Hz. Muhammed bütün kâinat için her zaman rahmet ve hidayet kaynağı olmuştur. Bu kanun insanlar âlemi, cinler âlemi, hayvanlar ve bitkiler âlemi ayrımı yapmaksızın hepsi ama hepsi için geçerlidir. O hatta hayvanlara karşı bile mülayim davranmayı ve şefkatle yaklaşmayı tavsiye etmiştir. Susuz bir köpeğe su veren insanı cennet nimeti ile müjdelemiş, kurbağanın özgürlüğünü kısıtlayıp ona eziyet edeni de cehennem ateşini ile uyarmıştır.

O, hayvan kesiminde bile insanlara merhameti önermiştir:

"Allah her şey için ihsan yazmıştır. öldürürken işkence etmeyin. Kurban edeceğiniz vakit eziyetten kaçının. Bıçağı bileyin ve hayvana su verin."

 

Güzel Ahlakın Zirvesi

 

Muhammed güzel ahlakın zirve noktasındaydı. Yüce olan Allah O'nun ahlakını şöyle beyan etmekte:

"Şüphesiz sen, en güzel ahlak üzeresin." (Kalem-68)

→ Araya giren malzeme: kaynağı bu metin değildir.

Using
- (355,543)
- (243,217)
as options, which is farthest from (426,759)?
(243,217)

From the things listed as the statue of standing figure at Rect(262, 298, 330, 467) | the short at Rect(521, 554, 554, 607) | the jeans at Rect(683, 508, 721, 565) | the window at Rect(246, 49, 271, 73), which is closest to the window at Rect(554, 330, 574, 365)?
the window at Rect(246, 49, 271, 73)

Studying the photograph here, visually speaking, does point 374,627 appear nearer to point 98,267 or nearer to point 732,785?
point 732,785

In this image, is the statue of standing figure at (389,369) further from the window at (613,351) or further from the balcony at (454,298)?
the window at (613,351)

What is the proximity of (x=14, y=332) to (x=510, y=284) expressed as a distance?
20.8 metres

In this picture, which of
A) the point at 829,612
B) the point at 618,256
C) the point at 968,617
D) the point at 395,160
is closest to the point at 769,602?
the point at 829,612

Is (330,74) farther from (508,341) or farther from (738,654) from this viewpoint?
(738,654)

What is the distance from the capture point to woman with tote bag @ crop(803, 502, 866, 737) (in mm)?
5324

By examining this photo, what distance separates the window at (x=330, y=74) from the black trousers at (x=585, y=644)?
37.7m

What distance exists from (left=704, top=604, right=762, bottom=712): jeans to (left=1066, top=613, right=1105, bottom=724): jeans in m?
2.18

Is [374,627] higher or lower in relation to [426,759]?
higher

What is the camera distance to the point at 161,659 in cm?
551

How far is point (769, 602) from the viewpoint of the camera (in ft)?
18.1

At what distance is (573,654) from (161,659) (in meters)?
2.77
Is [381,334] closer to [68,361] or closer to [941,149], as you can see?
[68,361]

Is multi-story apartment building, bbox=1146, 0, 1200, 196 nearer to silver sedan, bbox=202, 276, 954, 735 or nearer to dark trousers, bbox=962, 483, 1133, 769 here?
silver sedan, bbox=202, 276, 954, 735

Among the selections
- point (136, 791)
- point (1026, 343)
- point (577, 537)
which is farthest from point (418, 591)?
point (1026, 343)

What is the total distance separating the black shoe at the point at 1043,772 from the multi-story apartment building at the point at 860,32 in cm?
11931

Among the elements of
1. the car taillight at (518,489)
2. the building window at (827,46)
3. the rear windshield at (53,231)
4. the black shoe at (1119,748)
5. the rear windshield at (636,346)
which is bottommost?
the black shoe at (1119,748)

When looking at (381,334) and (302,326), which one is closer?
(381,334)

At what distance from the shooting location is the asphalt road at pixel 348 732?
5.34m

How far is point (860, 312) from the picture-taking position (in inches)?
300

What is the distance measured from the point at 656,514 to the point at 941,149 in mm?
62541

Ve O'nun kendisi risaletinin güzel ahlakı tamamlamak için olduğunu buyuruyor:

"Şüphesiz ben güzel ahlakın tamamlayıcısıyım."

Yine kendi dostlarına güzel bir ahlakı tavsiye ediyor:

"Sizin en iyiniz ve kıyamet günü bana en yakın olacak olanınız, ahlakı güzel, mütevazı, insanları seven ve insanlar tarafından sevileninizdir. Sizin en kötünüz ve kıyamet günü bana en uzak olanınız ise kibirli, kötü söz söyleyen ve gıybet edeninizdir."

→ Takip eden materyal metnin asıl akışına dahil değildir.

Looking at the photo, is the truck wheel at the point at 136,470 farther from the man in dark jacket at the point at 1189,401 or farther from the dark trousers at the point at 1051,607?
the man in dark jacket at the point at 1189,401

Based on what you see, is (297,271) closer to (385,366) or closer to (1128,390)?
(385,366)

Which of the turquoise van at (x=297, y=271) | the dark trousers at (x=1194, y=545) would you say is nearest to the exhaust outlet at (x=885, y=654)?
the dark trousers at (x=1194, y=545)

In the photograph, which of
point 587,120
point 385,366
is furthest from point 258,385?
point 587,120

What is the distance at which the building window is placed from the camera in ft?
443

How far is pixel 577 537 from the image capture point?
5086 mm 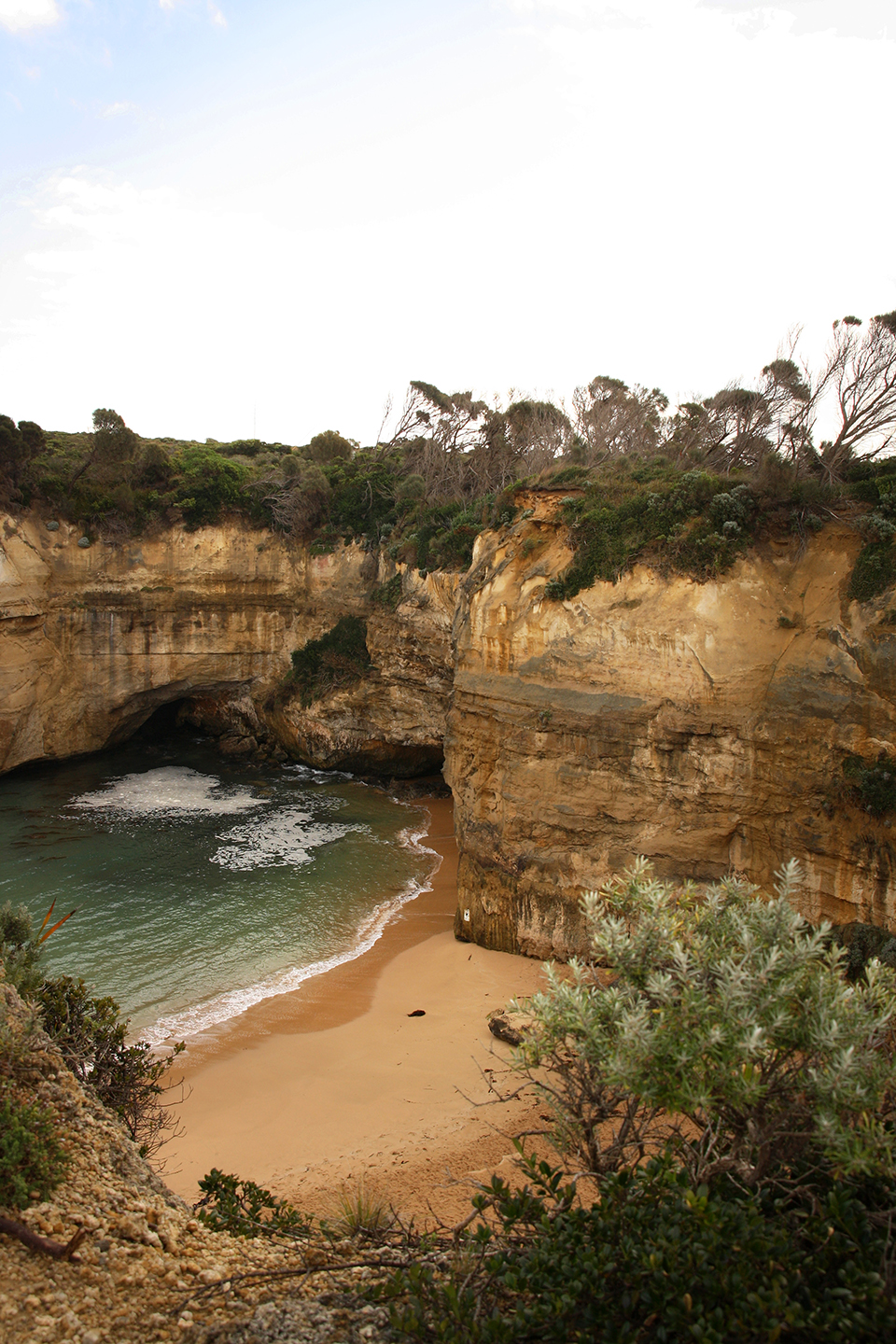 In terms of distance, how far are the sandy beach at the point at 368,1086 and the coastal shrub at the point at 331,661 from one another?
1514 cm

Yine güzel ahlaklı insanın ibadette en yüce makamlara ulaşacağını söyleyerek insanlara şöyle hitap ediyor:

"Güzel ahlak, insanı gündüzleri oruç ve geceleri uyanık kalma (ibadetle geçirme) makamına eriştirir."



Kolaylaştırmanın Zirvesi



Bazıları İslam dininin insanı sıkan, zora sokan ve kısıtlayan bir özelliğe sahip olduğunu söyler. Ama Hz. Muhammed, herkesten daha çok ve daha önce insanlara kolaylık sağlayandı. İki iş arasında kaldığı zaman kolay olanı seçerdi. O, işleri kolaylaştırmaya emrederek şöyle buyuruyor:

"Zorlaştırmayın, kolaylaştırın. Müjdeleyin, nefret ettirmeyin." (Müslim, 3263)

O, insanları zora sokan ve onları yoran işlerden men ederdi. çünkü İslam dini şu ayetin tercümanıdır:

"Allah sizin için kolaylık diler, güçlük değil…" (Bakara-185)

 

Düşmanları Karşısında Muhammed

 

Hz. Muhammed kendisini yalanlayıp, sürekli eziyetler eden en azılı düşmanına karşı nasıl davranırdı?

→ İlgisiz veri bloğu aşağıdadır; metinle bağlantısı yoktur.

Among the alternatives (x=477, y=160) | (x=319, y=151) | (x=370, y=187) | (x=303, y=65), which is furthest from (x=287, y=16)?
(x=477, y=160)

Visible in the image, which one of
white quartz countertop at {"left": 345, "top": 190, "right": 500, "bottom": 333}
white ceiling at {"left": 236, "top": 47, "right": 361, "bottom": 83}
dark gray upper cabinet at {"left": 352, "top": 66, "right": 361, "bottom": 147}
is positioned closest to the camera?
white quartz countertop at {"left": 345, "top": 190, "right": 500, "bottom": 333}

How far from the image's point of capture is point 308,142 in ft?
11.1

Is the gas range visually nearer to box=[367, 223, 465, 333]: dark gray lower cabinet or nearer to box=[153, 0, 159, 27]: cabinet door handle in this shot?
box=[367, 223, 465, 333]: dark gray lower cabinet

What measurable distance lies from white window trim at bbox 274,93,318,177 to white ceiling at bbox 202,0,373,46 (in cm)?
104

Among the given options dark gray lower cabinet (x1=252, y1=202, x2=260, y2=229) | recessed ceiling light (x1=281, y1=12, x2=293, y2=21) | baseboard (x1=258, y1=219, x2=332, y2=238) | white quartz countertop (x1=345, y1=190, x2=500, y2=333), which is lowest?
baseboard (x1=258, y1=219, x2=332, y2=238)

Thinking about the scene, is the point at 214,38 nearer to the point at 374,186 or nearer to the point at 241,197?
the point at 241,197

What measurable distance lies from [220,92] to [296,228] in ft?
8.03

O'nun düşmanlarına karşı sergilediği ve insanı hayrete düşüren mertlik, bağışlama ve merhametine birkaç örnek verelim. Hz. Muhammed'in, Kureyş'in sözcüsü ve hatibi olan, yıllarca sözleri ile Müslümanlara eziyetler eden Suheyl b. Amr'a karşı tavrı:

Müslümanlar Suheyl'i Bedir Savaşında esir alınca Müslümanlardan biri Suheyl'in İslam dini hakkında konuşmaması için Muhammed'den onun çenesini kesici bir aletle ikiye ayırmasını istedi. Muhammed şöyle buyurdu:

"Ben Allah'ın beni cezalandırması istemediğim bir şekilde kimseyi cezalandırmam, her ne kadar peygamber olsam da. Belki de bu insan övülecek bir makama erişecektir."

Hz. Muhammed, Nadir b. Haris'in kızı Katile'nin babasının başucunda okuduğu şiirleri işitince duygulanıp gözyaşı döktü. çünkü Haris, Peygamber'in emri ile Bedir Savaşı dönüşünde Medine yakınlarında Ali b. Ebu Talib tarafından öldürülmüştü.

Ey kavmindeki zayıflara yardım eden seçkin insan Muhammed!

Zarar etmezsin eğer bana acırsan zira öfke anında merhamet mertliktendir.

Eğer fidye istersen biz sana en değerli olanından takdim ederiz.

Bana en yakın olanı esir ettin ama o özgür bırakılmaya en layık olandır.

İnsanlığın kurtarıcısı ve şefkatli bir kalbe sahip olan Hz. Muhammed bu sözleri duyunca şöyle cevapladı:

"Eğer o (Nadir b. Haris) öldürülmeden önce bu sözleri duysaydım onu mutlaka azat ederdim."

Peki, Hz. Muhammed'in kızının ağlamasıyla hüzünlendiği hatta gözyaşı döktüğü Nadir b. Haris kimdi? O Kureyş'in acımasızlarından ve Muhammed'e en çok eziyet edenlerdendi.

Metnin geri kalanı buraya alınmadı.